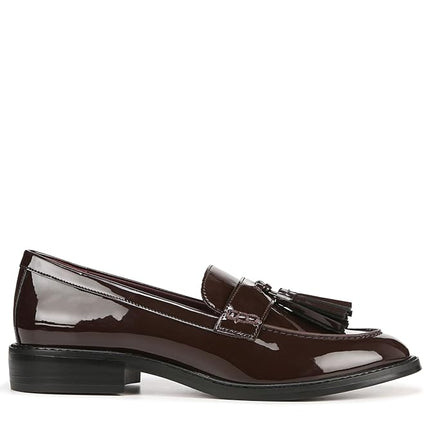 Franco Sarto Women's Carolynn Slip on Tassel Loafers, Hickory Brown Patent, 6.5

============

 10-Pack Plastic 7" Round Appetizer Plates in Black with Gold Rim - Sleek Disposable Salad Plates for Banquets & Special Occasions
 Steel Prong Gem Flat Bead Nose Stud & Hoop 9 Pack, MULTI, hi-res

============

Look above for the line holding "Banquets & Special Occasions", then set down exactly that line and every line after it up to and including the line holding "Steel Prong Gem", with nothing else.

Problem solution =>
 10-Pack Plastic 7" Round Appetizer Plates in Black with Gold Rim - Sleek Disposable Salad Plates for Banquets & Special Occasions
 Steel Prong Gem Flat Bead Nose Stud & Hoop 9 Pack, MULTI, hi-res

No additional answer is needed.